A Good Worker Must Live Through Bad Times

The worker in this new case was Debra Lewis. Debra began working for Illinois School District #70 in September of 1997 as a bookkeeper and treasurer. For seven years she received good reviews and everyone agreed she performed her job well. Until 2004. When she started using FMLA leave. That changed everything.

In 2004 both of Debra’s parents became terminally ill. A dutiful daughter, Debra tried to care for her father at home. And it was at home, in May of that year, that he died. At the end of that same month Debra’s mother came home from the hospital. Debra’s mother then needed constant care from Debra.
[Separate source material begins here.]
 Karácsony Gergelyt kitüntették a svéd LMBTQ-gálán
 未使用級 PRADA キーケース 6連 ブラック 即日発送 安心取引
As a result of all of this, Debra often missed work. Her immediate supervisor at the school district, Dr. Hawkins, gave Debra permission take this time off work in order to care for her parents. During the School District’s 2004 fiscal year, Debra missed 72.5 days of work out of a total of 242.

The Boss Has an Attitude Change Toward His Employee

When she was out Dr. Hawkins encouraged Debra to take her work home get it done whenever she could, including on evenings or weekends. She completed much of her work in this way. Dr. Hawkins complained that Debra’s “flex-time” schedule was forcing other employees to alter their schedules to cover for her. Dr. Hawkins also did not like that Debra was not available to answer questions during regular work hours.

The school board wanted to fire Debra for poor performance. Dr Hawkins, to his credit, expressed fear of FMLA liability. So instead firing her, Hawkins offered Debra 12 weeks of unpaid intermittent FMLA leave. Debra accepted.

Even though Debra was on unpaid intermittent leave, Dr. Hawkins still expected her to perform all of her regular work duties. The school board didn’t hire a part-timer or ask co-workers lend a hand. Debra worked nights and weekends to catch up with her work, but it was all unpaid.

The Conflict Takes a “Ludicrous” Turn For the Worse

The school board, at tape recorded meetings, said it wanted to fire Debra and called the FMLA “ludicrous” and a “fiasco.” The board told Dr Hawkins to build a case against her based on her “poor performance” so she could be terminated. Eventually, Debra was given a choice: resign or take a demotion and salary cut based on her poor performance.

Just like I recommend in Work Laws Exposed, Debra kept her job and then went on the offensive. She accepted the demotion offered by Dr. Hawkins, but then immediately filed an FMLA lawsuit. The school district argued that it had a legitimate non-FMLA reason to fire her: poor performance

The Conflict in Court: Who Won?

The first court said that Debra could be held to the same standards as regular full time employees. The Court of Appeals, however, reversed the lower court. The Court of Appeals stated that the School District could not have Debra working and being paid for a part time schedule (on FMLA leave), but require Debra to produce a full time amount of work. With this double standard the School District wasn’t really giving Debra FMLA leave at all. In fact, the District merely allowed her to do some work from home, but reduced her pay for the privilege.

That is not what the FMLA requires. The FMLA does allow an employer to not pay an employee for the periods the employee is out on medical leave. But if the employee is off work on unpaid leave, the employee must truly be relieved of their duties.

Undercover Lawyer’s Tips To Take Away:

1. Your employer must reduce the amount of work you are required to complete in proportion to the amount of time you are away from work when you use FMLA leave.

2. If your employer gripes and complains about the FMLA, immediately write down their exact remarks; then, sign and date your notes. Courts do not like employers who talk negatively about the law.

3. Your employer should arrange coverage for the work you are missing (from another employee or a temp employee); if no coverage is arranged, you may have an FMLA retaliation claim just like Debra Lewis did.